Il y fait la connaissance de familles d'agriculteurs dont il devient proche et au fil des visites régulières il commence sa série Face au silence, un livre qui aura demandé huit années de travail. Le résultat est de toute beauté, les photographies sont poignantes, humaines et silencieuses.
© Christophe Agou
« Les silences me parlent.... De village en village, ferme après ferme, je découvre des hommes et des femmes modestes et singuliers : Claudette aux yeux pétillant de bleu et aux lèvres maquillées de rouge. Jeannot, sentimental et révolté, me rappelle Charlie Chaplin. Babette, son épouse, est amoureuse et déborde de tendresse. Raymond est généreux, timide et solitaire. Depuis le départ de son frère, Jean a du chagrin. Je remarque une ombre de mélancolie dans les yeux de Mathilde. Lucien « chasse son cafard » en jouant de l'harmonica. Vaillants, réalistes, ils ne se font pas trop d'illusions. Amoureux de leur campagne, ils vivent loin de ce monde en perpétuelle métamorphose, où il faut être le meilleur et produire toujours plus ».
© Christophe Agou
Au fil des années, Christophe Agou explique que la confiance, les échanges et les conversations prennent place. Il les écoute du regard avec un grand respect, il devient invisible à leur yeux et peut ainsi photographier la réalité de leur vie, sans artifices et sans mensonges.

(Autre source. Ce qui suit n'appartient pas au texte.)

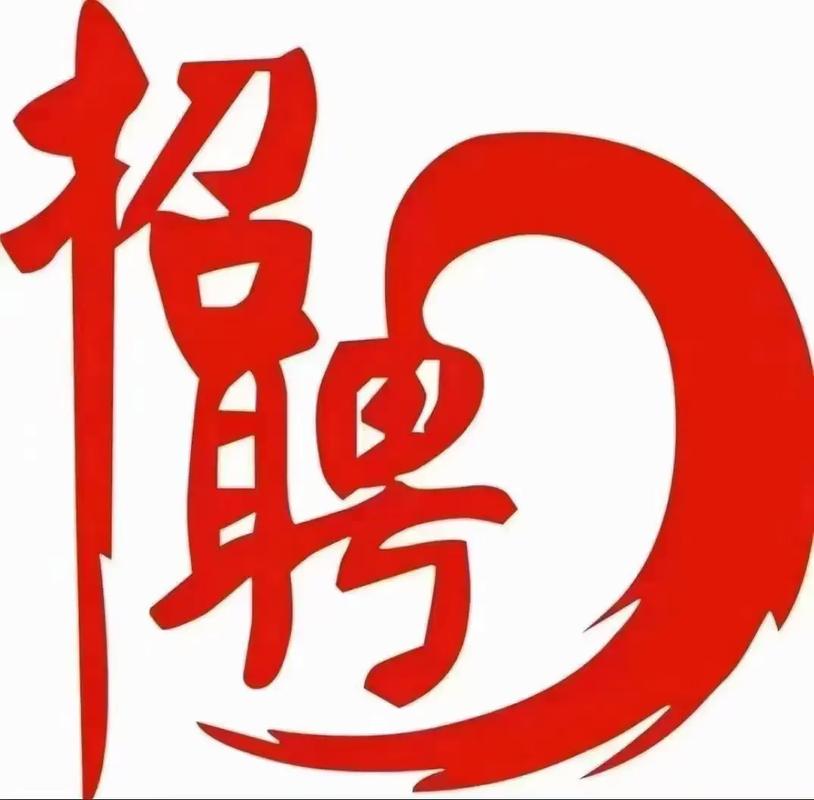 东莞德邦物流招聘信息有哪些岗位和要求?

Il s'attache à leurs voix, à leurs gestes et à leurs mondes... « le rituel de signer le pain avec le couteau avant le repas, la soupe épaisse qui refroidit dans l'assiette, la boîte à pilules hebdomadaire à faire et refaire, les restes de midi dans le tiroir à pain, le rouge cristallisé au fond des verres, le lait brûlé sur le fourneau, le va-et-vient incessant de leurs animaux. J'aime leurs mains noueuses, leurs rides leur franc-parler, leur bon sens ».
© Christophe Agou
Face au silence est un documentaire sensible et poétique qui nous plonge dans un monde loin de la frénésie des villes si bien qu'on se retrouve dans un univers coupé du temps. Les images sont puissantes et émotionnelles. Le temps d'une lecture on déconnecte de notre réalité pour y découvre une autre réalité, celle des habitants des campagnes. Le travail de Christophe Agou est surprenant, on est à la fois dérouté et déconcerté, impressionné et subjugué. La rédaction d'Actuphoto ne peut que plébisciter ce travail magistral qui a reçu le 1er prix de l'édition européenne de photographie en 2010, courez vite découvrir Face au silence édité aux éditions Actes Sud.
Alexandra Lambrechts, le 9 janvier 2012.